Dire che i pianeti di Miller e Mann siano quantomeno inverosimili è un eufemismo. Il primo pianeta o è ricoperto da un oceano profondo mezzo metro ovunque, oppure i nostri hanno avuto l’enorme fortuna di atterrare su una secca. Entrambi i casi non sono impossibili, ma decisamente improbabili. Ciò che a mio modo di vedere invece non sta in piedi è la presenza di nuvole ghiacciate sul pianeta di Mann. Evidentemente il caro vecchio principio di Archimede ha deciso di dare forfait. Se, come pare dalle affermazioni e dalle immagini, quelli sono blocchi di materiale ghiacciato di caratteristiche tali da deviare l’astronave di Cooper & C. in volo, mi chiedo quale spinta idrostatica permetta loro di stare a mezz’aria.

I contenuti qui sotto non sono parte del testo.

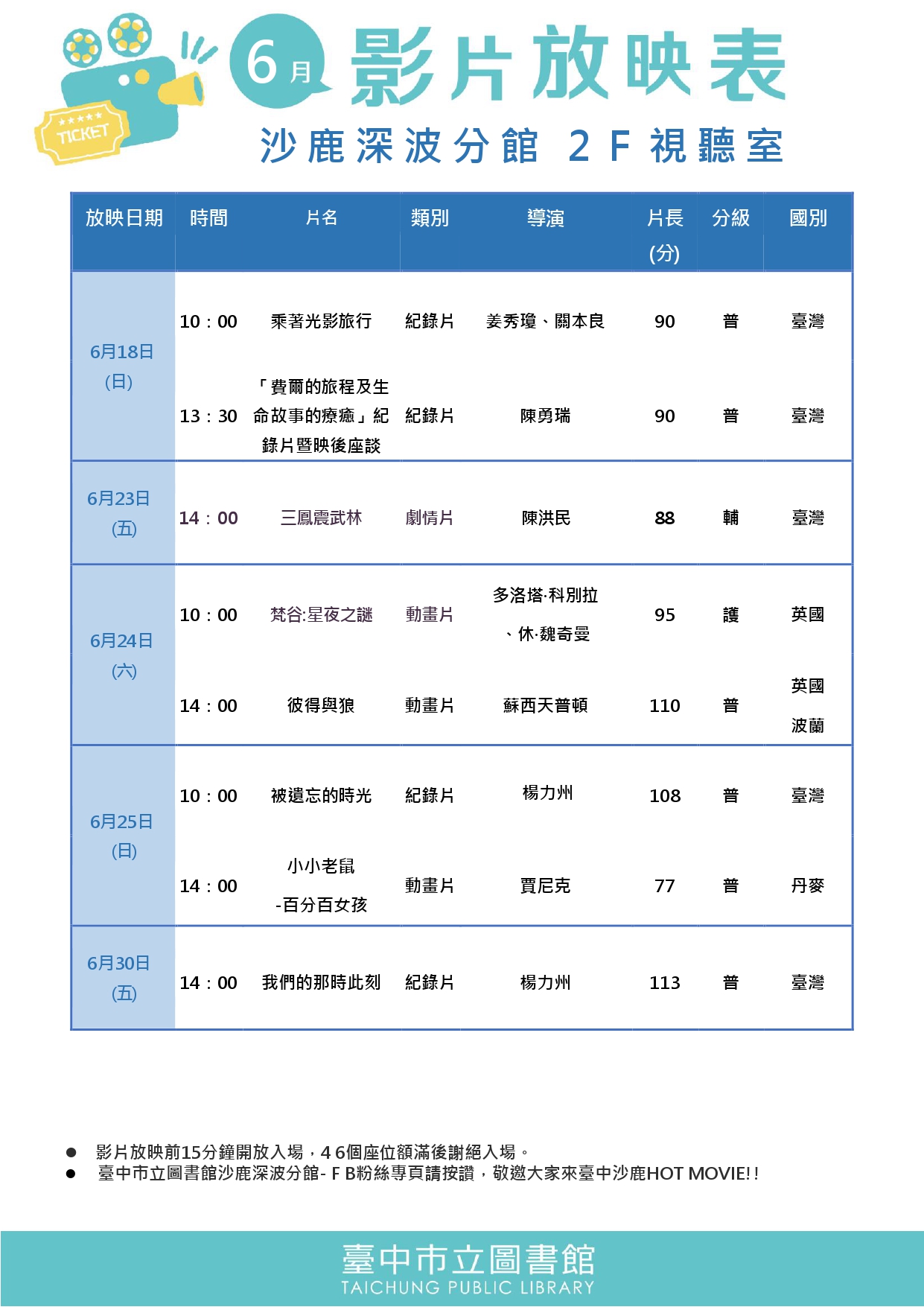 沙鹿深波6月影片播映2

Per quanto riguarda il pianeta di Mann, se io fossi in Cooper avrei qualche remora a farmi togliere la visiera nonostante l’immediata necessità di ossigeno: anche ammesso che la temperatura esterna non sia particolarmente rigida, l’atmosfera in buona parte composta di ammoniaca (lo dice il dott. Mann) potrebbe non essere troppo gradita dalle mucose del nostro eroe.

Peccati gravi

E qui lasciamo da parte la fisica, perché, per quanto mi riguarda, le boiate maggiori non sono tanto il non aver mostrato l’effetto Doppler nel disco di accrescimento di Gargantua (cosa che – spiega Thorne in The science of Interstellar – non è stata inserita per non confondere lo spettatore medio e per dare al buco nero un aspetto più uniforme), ma altrove.

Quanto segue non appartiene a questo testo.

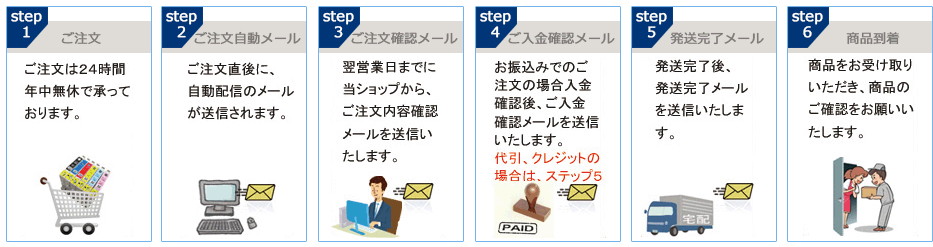 ご注文からお届けまでの流れの説明図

La pellicola di Nolan ha un bel soggetto e spunti interessanti, ma poi al momento di girare si sono accorti si erano fermati alla scaletta del film e mancava una cosa fondamentale: la sceneggiatura.
A quel punto hanno davvero ingaggiato i ghostwriter esodati dei Baci Perugina (semicit.) dicendo loro che avevano bisogno di tre ore di dialoghi, consegna in giornata. Ecco allora in ordine sparso l’argomento della curiosità e dell’inventiva (che però nella sua degenerazione porta sfruttamento e la piaga), i vari risvolti della tematica dell’abbandono (nei figli di Cooper e nel dott. Mann) e il relativo dialogo coi morti (a tutti gli effetti, per i terrestri, i membri della missione sono morti: la lapide è il monitor davanti al quale si siedono per registrare trasmissioni che poi sono monologhi, perché dall’altra parte del wormhole non riescono a rispondere), nonché la questione altruismo/egoismo/bene comune (sollevata e allo stesso tempo sepolta nelle poche striminzite frasi del dott. Mann); tutti argomenti appena accennati o gettati lì quasi a casaccio e conditi da un’accozzaglia di frasi stereotipate.

Va bene, smetto qua che avrei ancora da parlare dell’interpretazione insipida di Caine (che io ammiro moltissimo) e di quella della Hataway, invece proprio brutta (ma forse è colpa della famosa sceneggiatura di cui sopra); ma sarebbe farla (troppo) fuori dal vaso.